論より証拠、実際にデバッギングを体験してみましょう。
まずは誰が見てもおかしいことに気付くプログラムをリリース コンパイル(F7キー)し、実行してみます。

Dim i As Long
Dim a[10] As Long

For i=0 To 10
	a[i]=i
Next

i=0
Do
	a[i]=i
	i=i+1
Loop

無限ループで配列要素が大きくなりすぎるという誰でも予想がつくバグを潜ませておきましたが、予想通り出ましたね、「アプリケーション エラー」。Win9x系のOSでは、「不正な処理」がでているのではないでしょうか?
ここでは余裕な顔をしていられますが、これが自分の力作プログラムで起こったのであれば、面白いはずがありません。

では、どう対処するのか

それは、これらのボタンが解決してくれます。左から、「デバッグ実行」、「デバッグ コンパイル」というコマンドとなり、メニューの「ベーシック」からも利用することができます。
大概の場合はデバッグ実行(ビックリマークのほう)で事足りてしまうので、初めての方はデバッグ コンパイルのほうはあまり考えなくてよいです。

では、先ほどのおかしなプログラムを開いた状態で、デバッグ実行をしてみましょう。

すると、アクセスエラーを起こした行の位置でプログラムがストップし、プロセスデバッガが情報を伝えてくれます。ご丁寧に、@のようにエラーの行が反転表示され、Aのメッセージが表示されると共に、Bのダイアログボックスが表示されます。

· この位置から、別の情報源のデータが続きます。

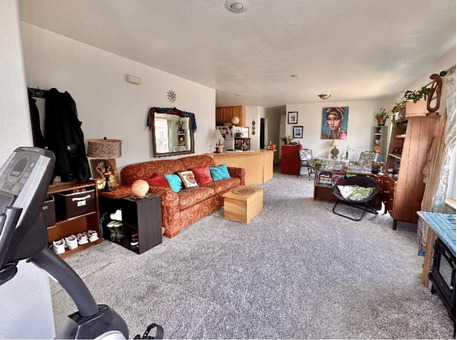 Fully Furnished Room for Rent in Boho Household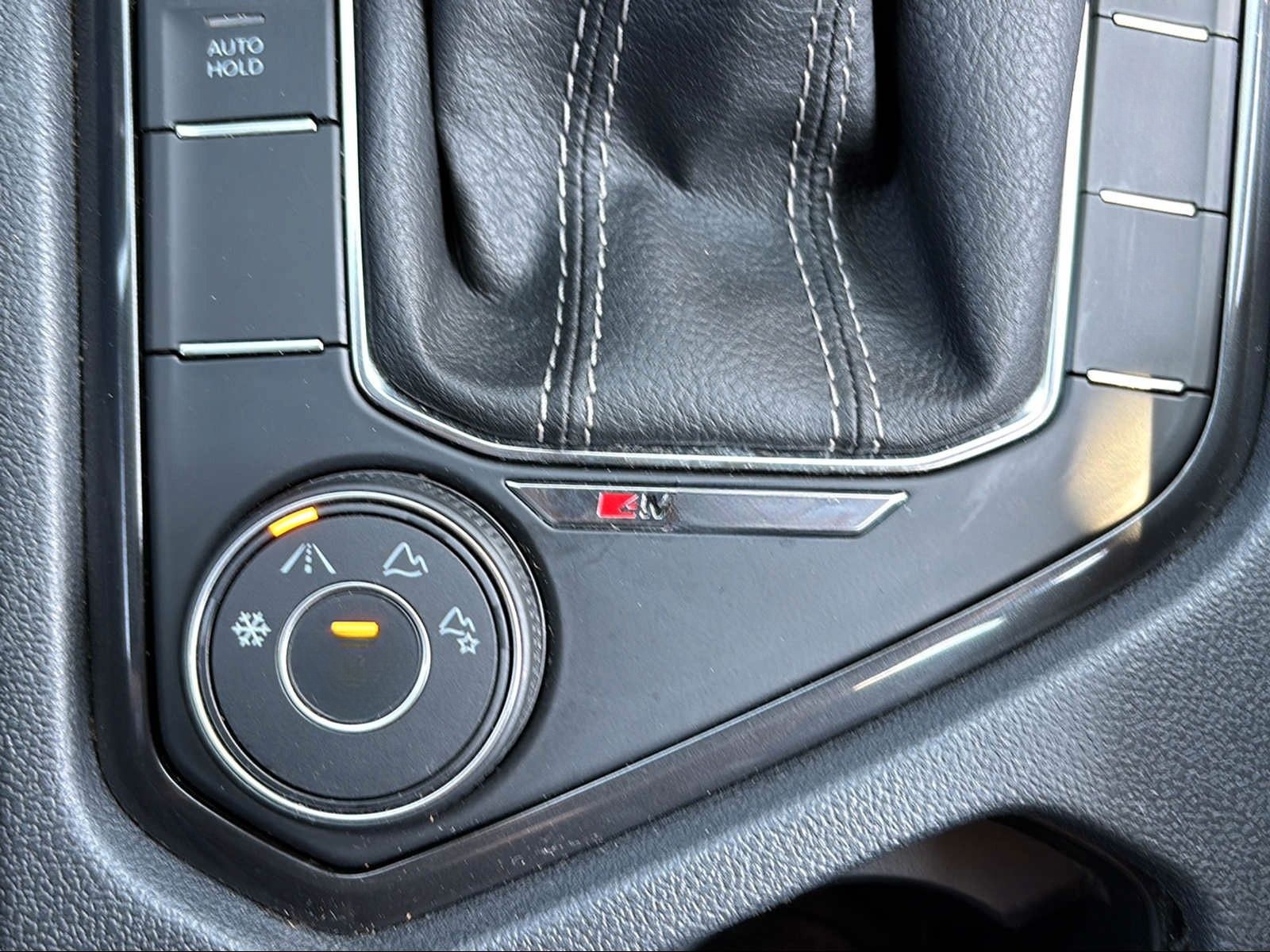 Volkswagen Tiguan R-Line | ACC | 7-Sitzer | Pano | Allrad foto 21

このBの「ブレーク ポイント」ダイアログボックスが以下のようなプログラムの実行状況を伝えてくれます。

・グローバル変数
・ローカル変数(プロシージャ実行時に限る)
・スレッド
・プロシージャの階層状況

今回はおかしなプログラムのデバッグということで進めているので、ここに表示されている変数iの値に注目してみます。
iは310になっていますね(環境によって多少異なります)。とすると、a[310]という配列変数に値310が代入されることになるわけですが、配列aで扱える変数データは10コまでとなっているはずです。当然、310ではアクセスエラーとなります。(309ではいいのか?という問題については、メモリの配置図ウンヌンという話になってしまうので、あまり深く考えずに・・・)

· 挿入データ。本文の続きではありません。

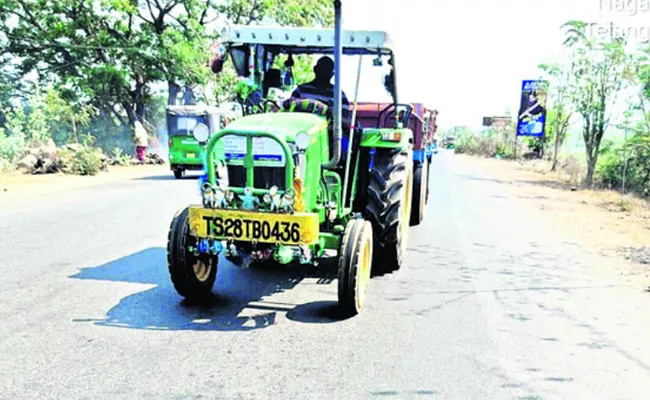 Kothagudem cop issue a challan to tractor driver for not wearing seat belt - Sakshi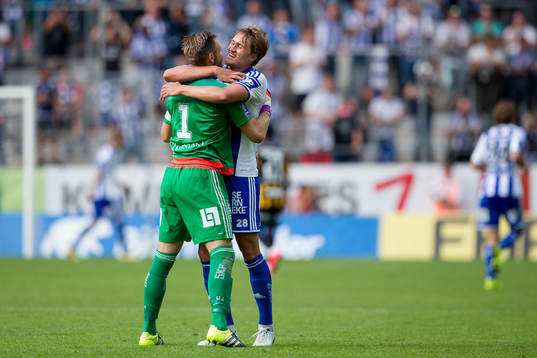 IFK Göteborgs målvakt John Alvbåge och Thomas Rogne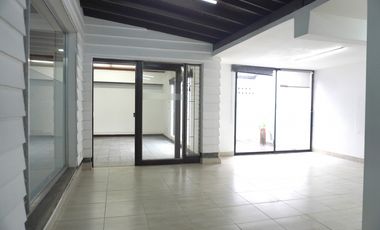 ARRIENDO CASA  COMERCIAL EN POBLADO - PATIO BONITO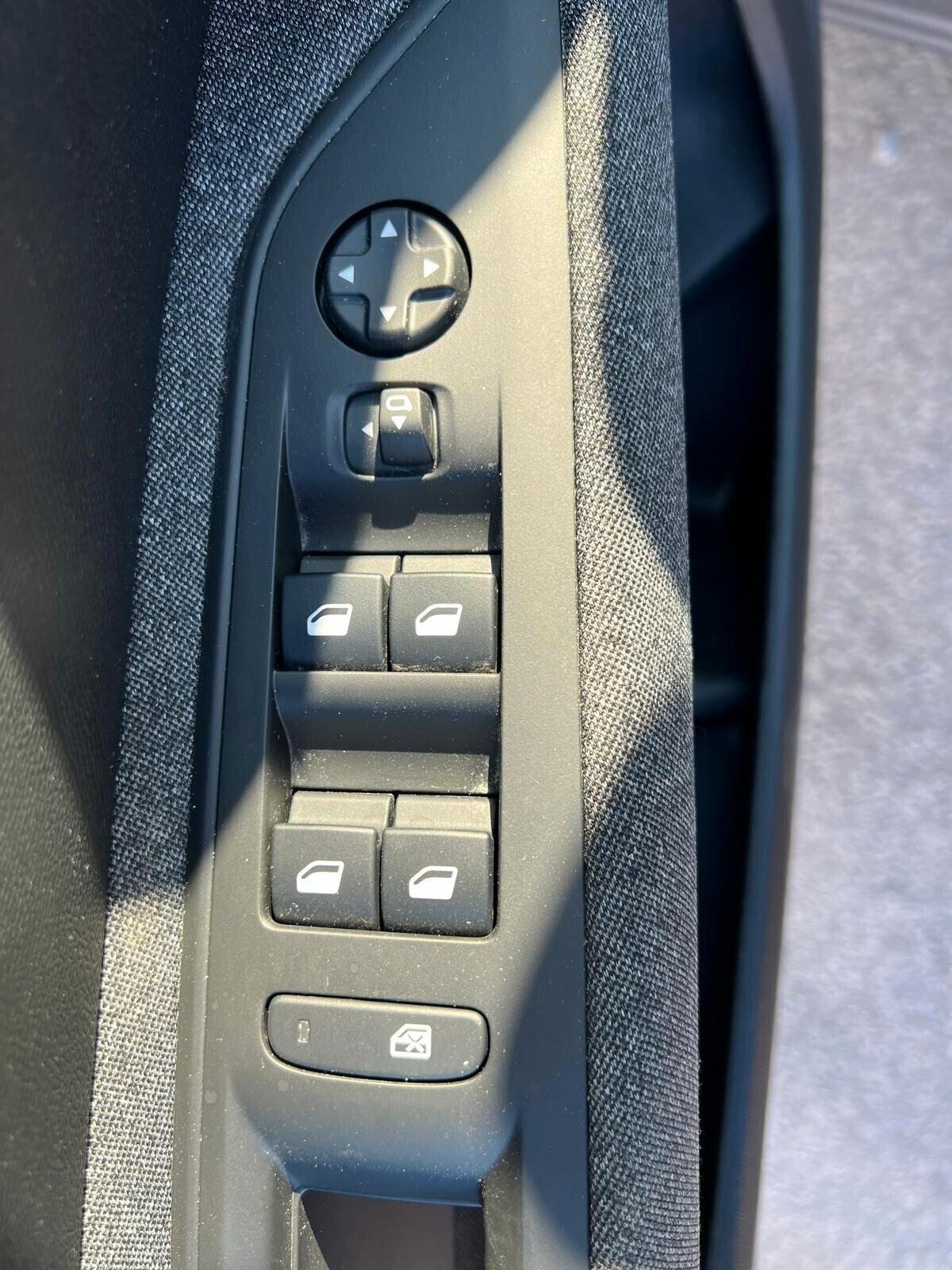 Peugeot 3008 1.5 BLUEHDI ACTIVE BUSINESS S&S 130CV EAT8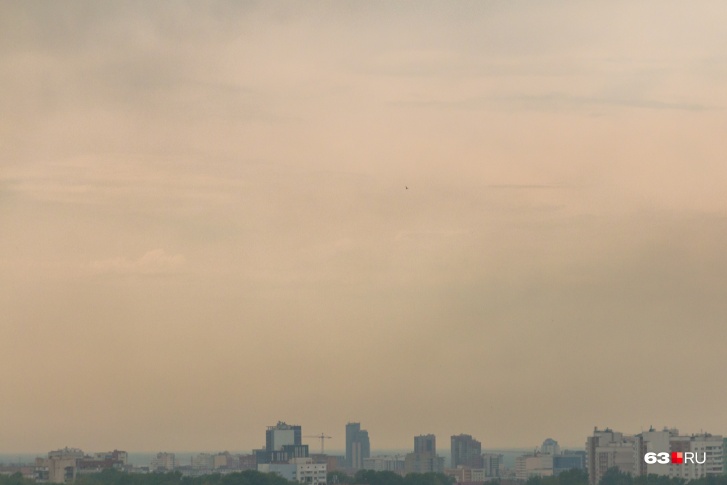В больших городах смог — частое явление из-за выбросов вредных веществ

という風に、無事、プログラムのアクセス エラーの場所が判明されました。デバッギングはここまで。エラーにならないよう、後に修復を行うのはあなたのお仕事です☆



プログラムを意図的に停止させる、Debug命令語

デバッグコンパイル時のみ有効であり、リリースコンパイル時には無視されるDebug命令語、プログラムをトレース実行するにはもってこいの命令です。ここでも非常に簡単なプログラムでDebug命令語を体験してみましょう。

Dim a As Long

Debug
a=10
a=20
a=30

なんじゃこりゃ!?と思えてしまうようなプログラムですが、主役はDebug命令語です。デバッグ実行をしてみると、すぐさま、「ブレーク ポイント」ダイアログが表示されるはずです。

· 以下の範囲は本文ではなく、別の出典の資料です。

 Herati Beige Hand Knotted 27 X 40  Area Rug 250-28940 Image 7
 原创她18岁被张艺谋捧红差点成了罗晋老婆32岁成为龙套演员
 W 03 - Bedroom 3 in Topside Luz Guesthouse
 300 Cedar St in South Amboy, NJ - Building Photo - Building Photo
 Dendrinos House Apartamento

そしたら、今度は、「ステップ(OVER)」をクリックしてみて下さい。するとすぐに同じダイアログボックスが表示されるわけですが、変数aの値が10に変化しているのにお気づきでしょうか?それと共に、プログラムの実行位置も "a=10" の行になっていますね。

もうなにをしたかはお気づきですね。そうです、一行ずつ実行をしているのです。更に「ステップ(OVER)」をクリックしていくと、aの内容は20、30と変化し、プログラムは無事終了します。

このように、デバッガを利用することで、プログラムを一行ずつ実行して動きをチェックしていくことができます。Debug命令語はプログラム内の様々な場所に何個でも配置することができます。

ところで、ステップ(IN)とステップ(OVER)の違いは?

そうそう、忘れないうちに説明しておきましょう。非常に似たような機能ですが、以下のような相違点があります。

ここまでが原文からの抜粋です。